You are likely to hear rumours of a new threat to job security. Forget about those dire predictions of a flagging economy, the boss you got on the wrong side of or your failure to keep your skill set current.
The latest perceived threat to jobs is a robot that goes by the name of ChatGPT and is being described by experts as one of the most disruptive technologies ever created.
ChatGPT, or Chat Generative Pre-Trained Transformer in full, was released late last year by artificial intelligence research company OpenAI.
It is a larger-than-life chatbot that can spit out human-like responses on almost any topic in response to word or sentence prompts typed into a text box.
In the workplace, a digital marketer could ask ChatGPT to produce copy for an advertising campaign. A lawyer might instruct it to develop a legal brief, a journalist could prompt it to prepare some background for a story and a small-business owner could ask the chatbot to prepare a summary of key competitors.
ChatGPT makes it possible for users to ask questions or make requests and receive responses that are startlingly clear, seemingly well informed and well-written.
In fact, the chatbot is so well developed that, according to OpenAI, it not only responds to prompts but also answers follow-up questions, admits to mistakes, challenges incorrect premises and rejects inappropriate requests.
ChatGPT constructs sentences, paragraphs, reports, songs, ditties and poems by feasting on billions of words that exist across the internet.
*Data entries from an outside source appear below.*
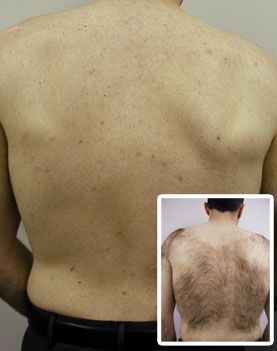 Bare upper back with sparse body hair; inset shows a much hairier upper back for comparison.
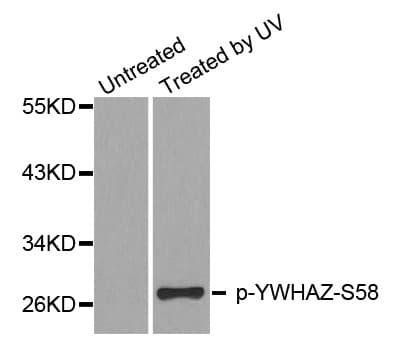 Polyclonal Rabbit anti-Human YWHAZ / 14-3-3 Zeta Antibody (phospho-Ser58, IHC, IF, WB)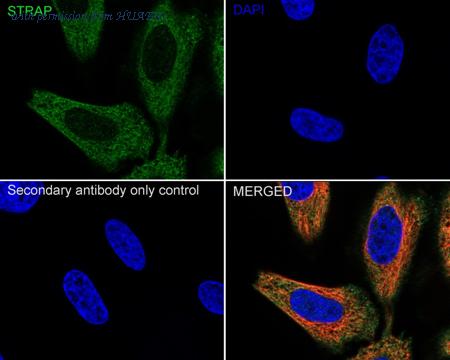 HUABIO HA601007 image 2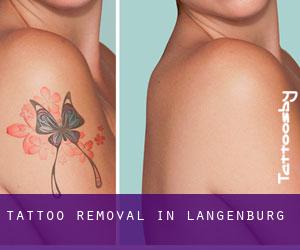 Tattoo Removal in Langenburg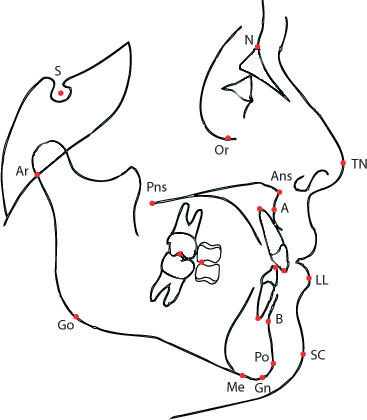 reference points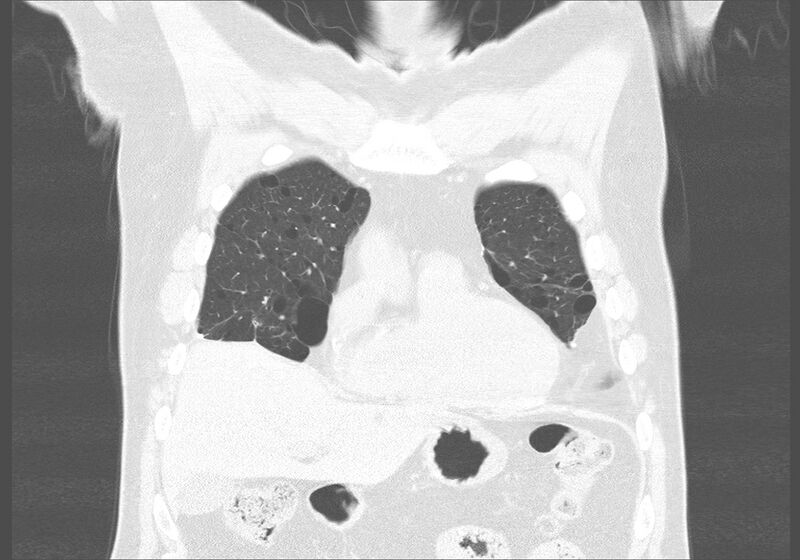 File:Birt-Hogg-Dubé syndrome (Radiopaedia 52578-58491 Coronal lung window 8).jpg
The chatbot executes its tasks in an automated manner that seemed impossible just five years ago.
It cleverly strings words together in the best possible way to create polished masterpieces.
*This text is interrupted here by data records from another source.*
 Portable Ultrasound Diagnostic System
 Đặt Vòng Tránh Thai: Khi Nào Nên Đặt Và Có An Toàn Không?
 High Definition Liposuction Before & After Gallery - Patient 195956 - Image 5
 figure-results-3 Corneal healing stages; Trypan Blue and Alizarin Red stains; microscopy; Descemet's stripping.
But the limitations that come with the current robot revolution also mean ChatGPT is capable of dishing up some first-class trash.
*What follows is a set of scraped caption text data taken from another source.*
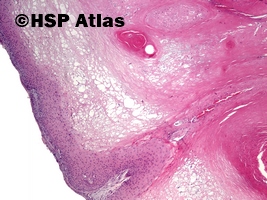 4. Proliferująca torbiel włosowa (pilar tumor, proliferating trichilemmal cyst), 4x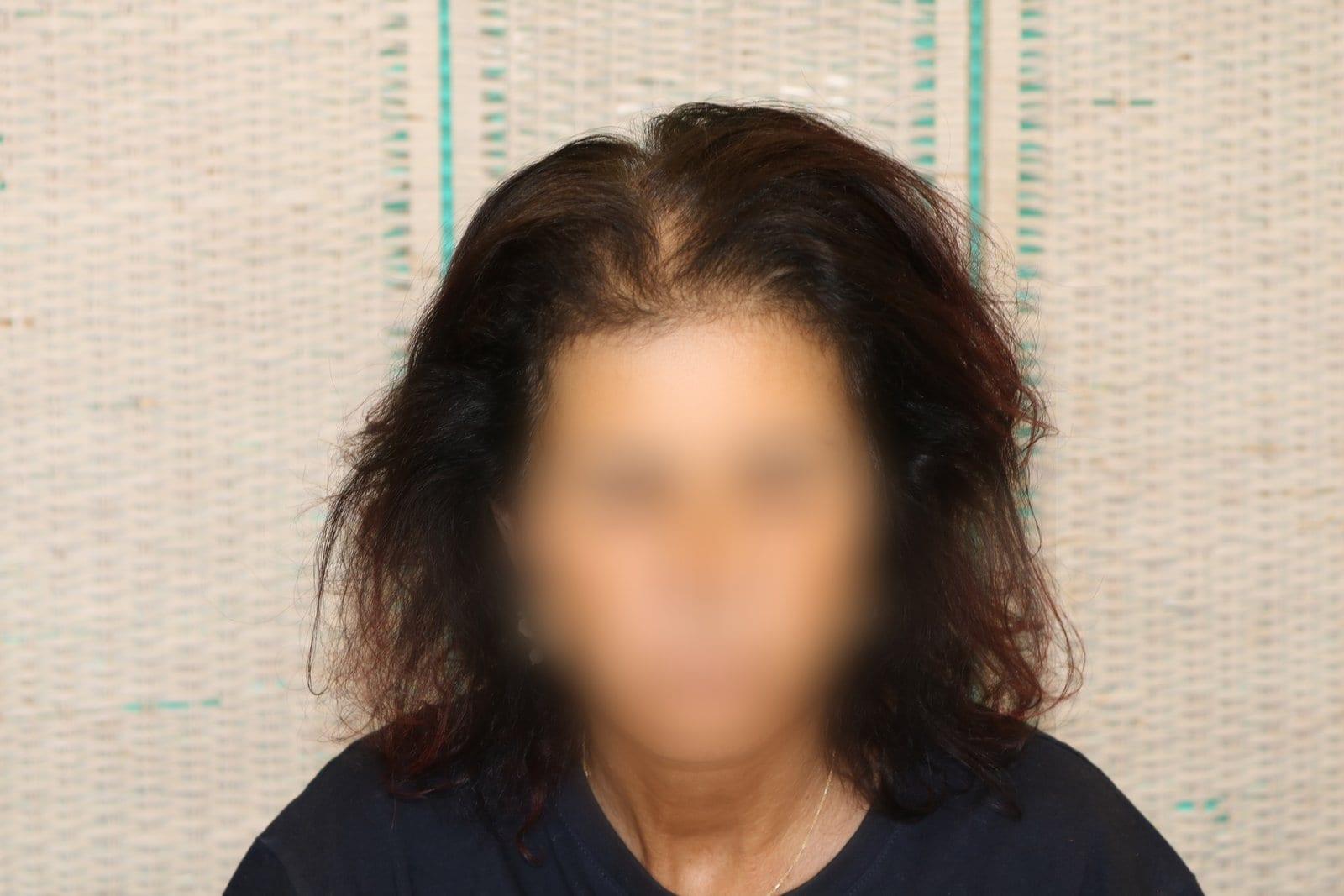 Prima: tricopigmentazione sezione donna a Firenze — Caso Prima / Dopo #9 (foto 8)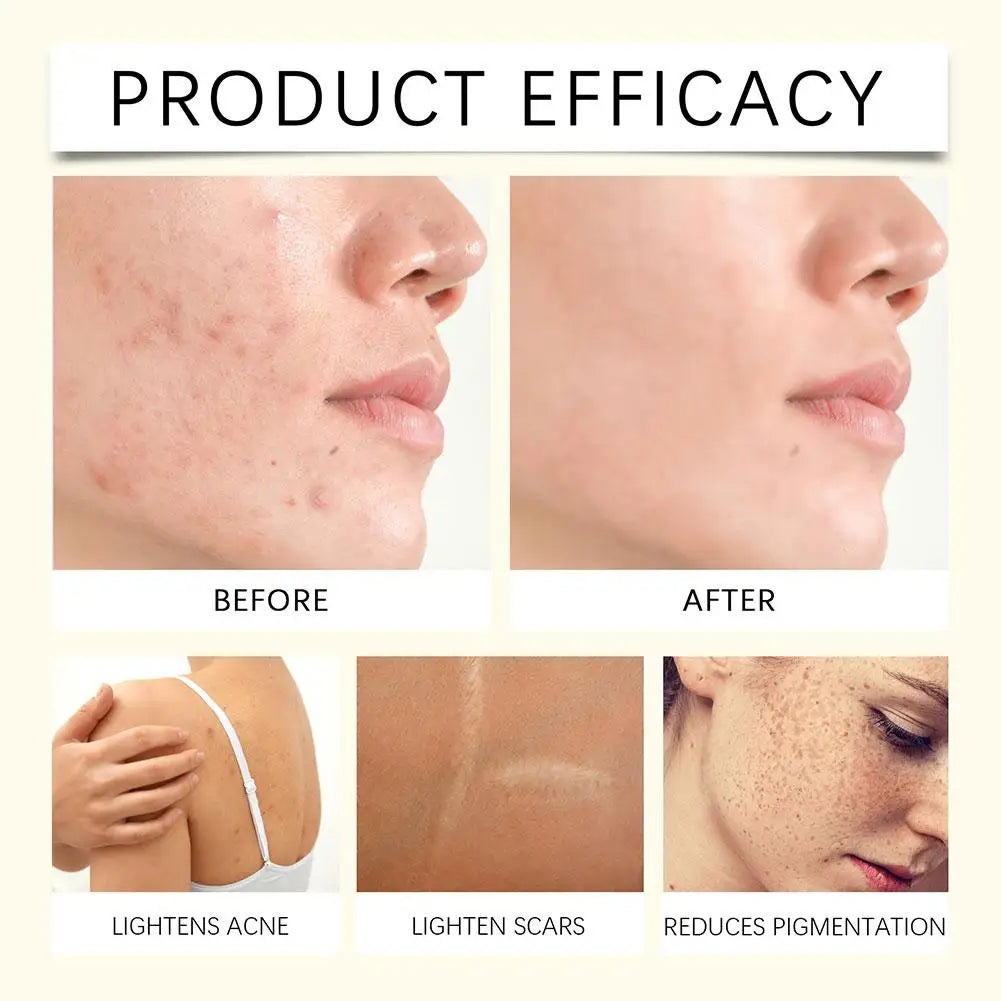 100g Lemon Turmeric Kojic Acid Soap Turmeric Face And Body Wash Clean Soap Bar, Firm Pores Lemon Turmeric Glowing Skin Care Soap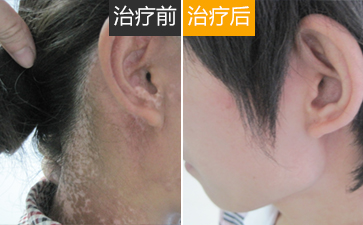 颈部白癜风对患者的危害有哪些_宁波好的白癜风医院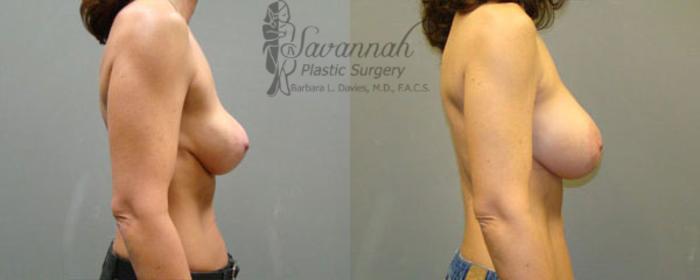 Before & After Implant Exchange Case 14 View 2 View in Savannah, Georgia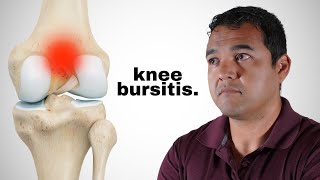 Knee Bursitis Causes Symptoms and Treatment Options [upl. by Nai]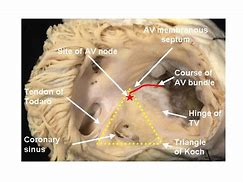 Image result for Atrioventricular Septum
So if talking about whether ChatGPT is going to take your job raises deep concerns, take a Robo-reality check first.
Generative artificial intelligence (AI) tools like ChatGPT can amaze and astound but are far from perfect and nowhere near sophisticated enough to steal your job – for now.
Even though the chatbot can produce large amounts of digital content fast and cheaply, it is only able to produce material that already exists and has no ability to think ahead, forecast or “read a market”.
When it trawls through masses of existing information to respond to your query, it is not intelligent enough to separate real from fake and it certainly cannot give you a new perspective on a topic or come up with an original idea.
Perhaps the most authoritative source on this AI tool’s potential to steal human jobs comes from ChatGPT itself.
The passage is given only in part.